• **Problem details**
Leave out pictures; repeat exactly the lines from the "download Vishvajeet Choudhary" line through the last of the data below.

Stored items
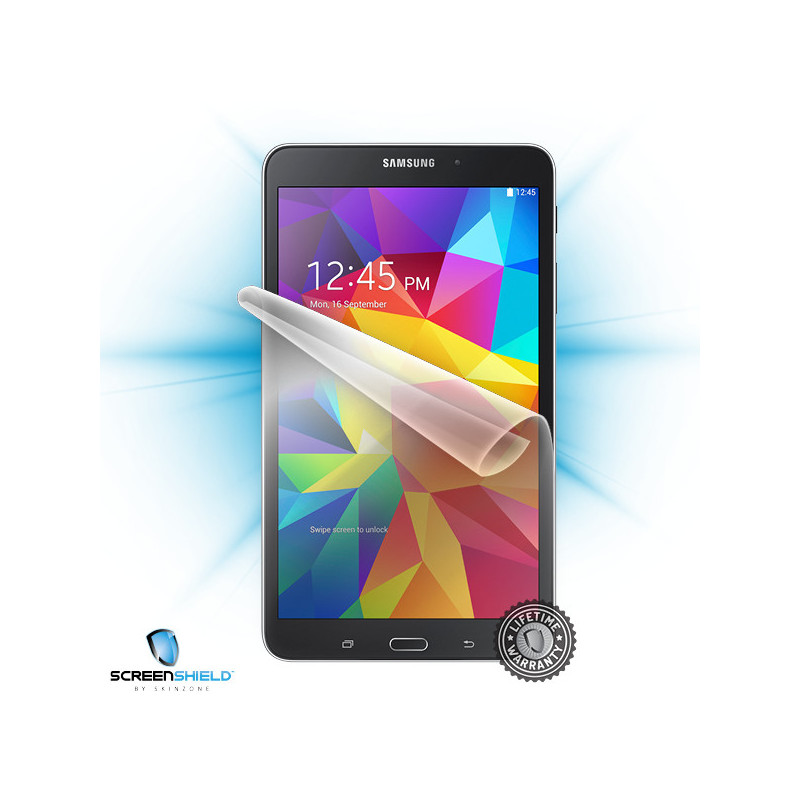 Screenshield ™ Galaxy Tab 4 SM-T330 ochrana displej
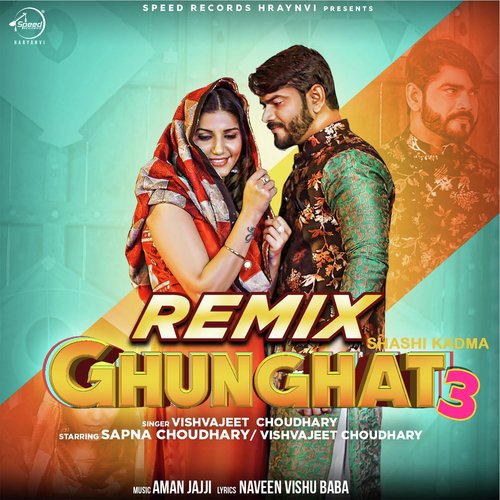 download Vishvajeet Choudhary  Ghunghat 3 mp3 Single Tracks song 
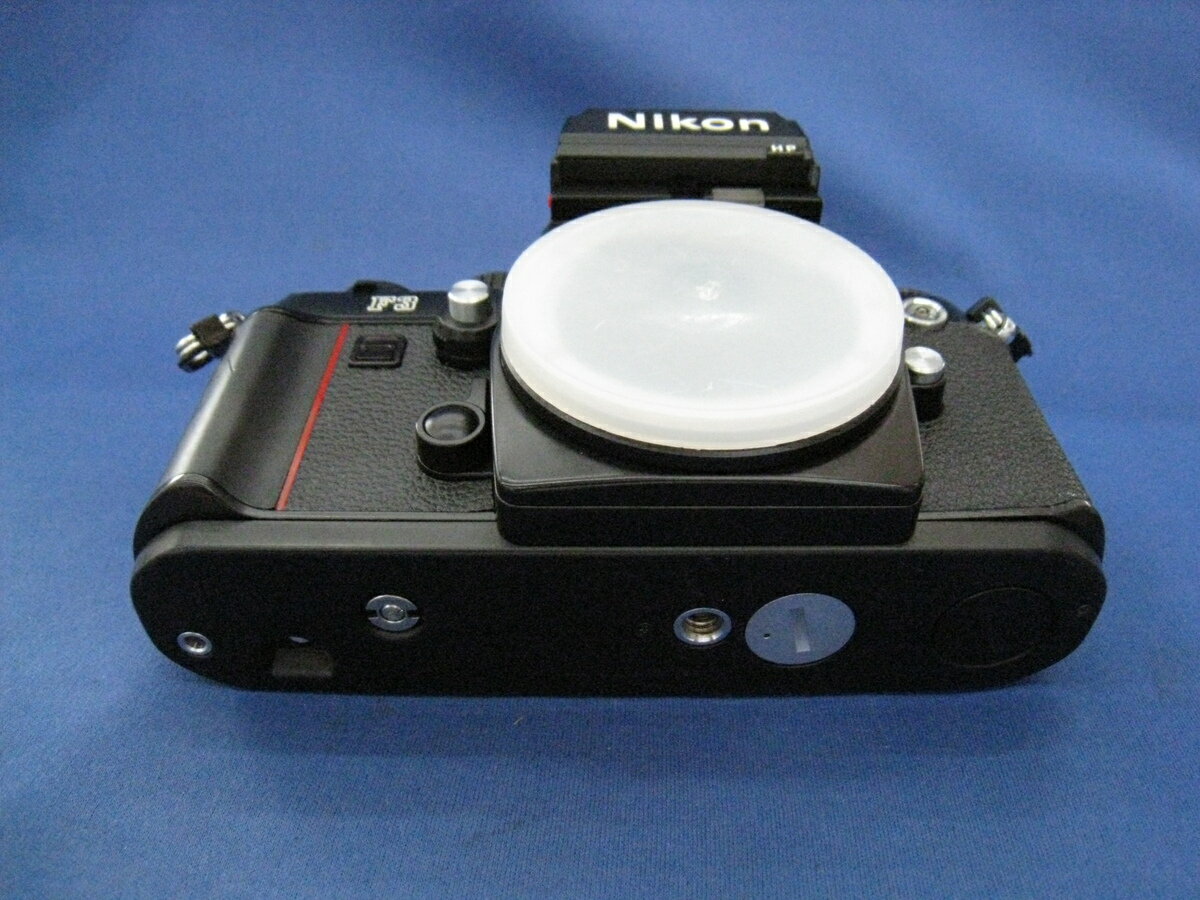 【中古】 【良品】 ニコン F3 ハイアイポイント 【フィルムカメラ】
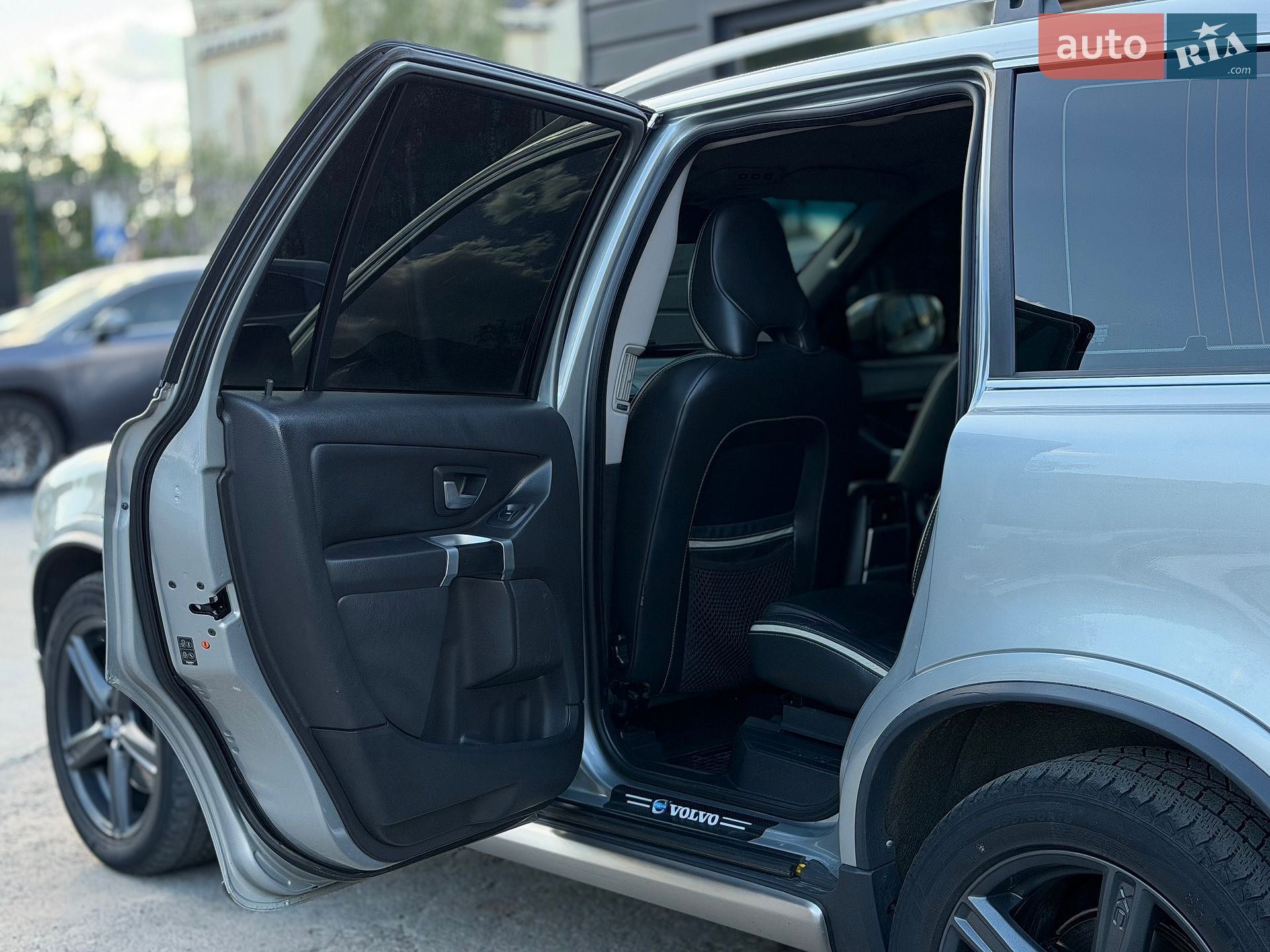 Volvo XC90 2011 VIN YV1CT3056B1597248 фото оголошення 44 з 49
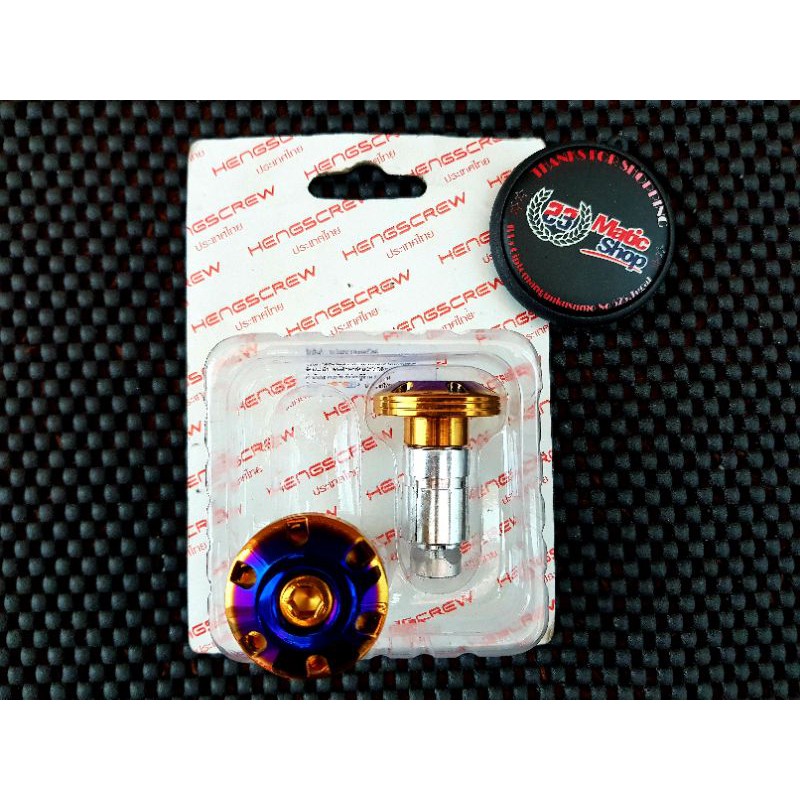 Jalu bandul stang motor original heng thailand nmax pcx xmax aerox lexi vario beat scoopy ninja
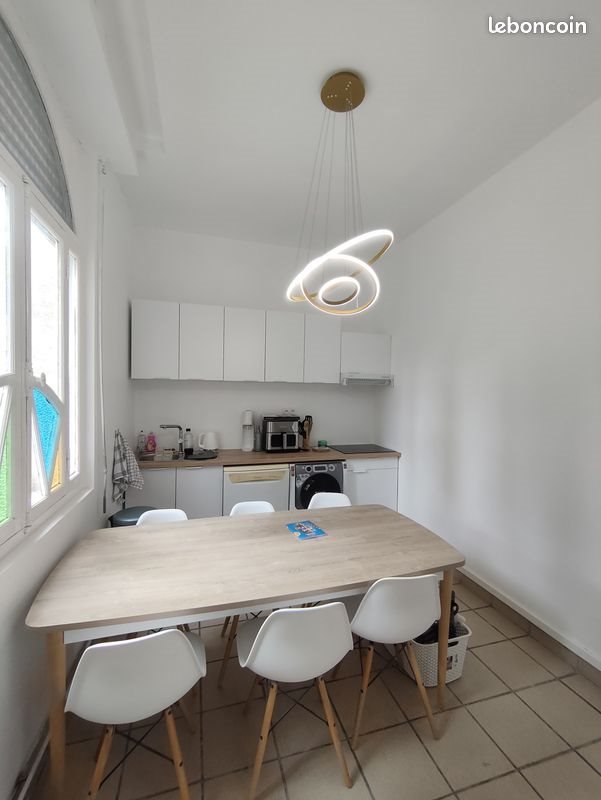 Appartement à louer, 150m², Talence
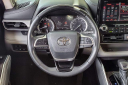Thumbnail image of 2022 Toyota Highlander at Cavender Buick GMC West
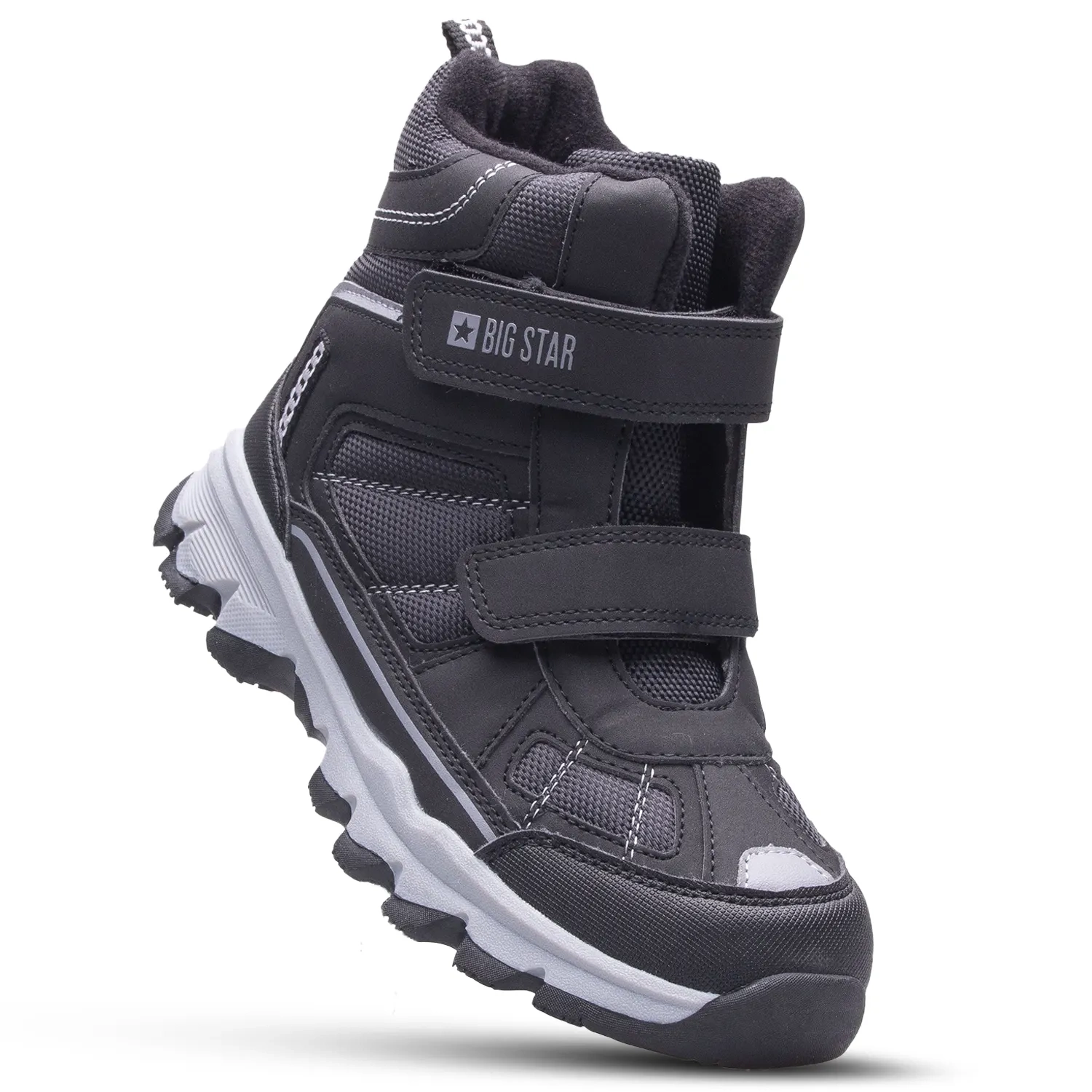 Buty dziecięce BIG STAR KK374157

• **Response to this exercise**
 download Vishvajeet Choudhary  Ghunghat 3 mp3 Single Tracks song 
 【中古】 【良品】 ニコン F3 ハイアイポイント 【フィルムカメラ】
 Volvo XC90 2011 VIN YV1CT3056B1597248 фото оголошення 44 з 49
 Jalu bandul stang motor original heng thailand nmax pcx xmax aerox lexi vario beat scoopy ninja
 Appartement à louer, 150m², Talence
Thumbnail image of 2022 Toyota Highlander at Cavender Buick GMC West
 Buty dziecięce BIG STAR KK374157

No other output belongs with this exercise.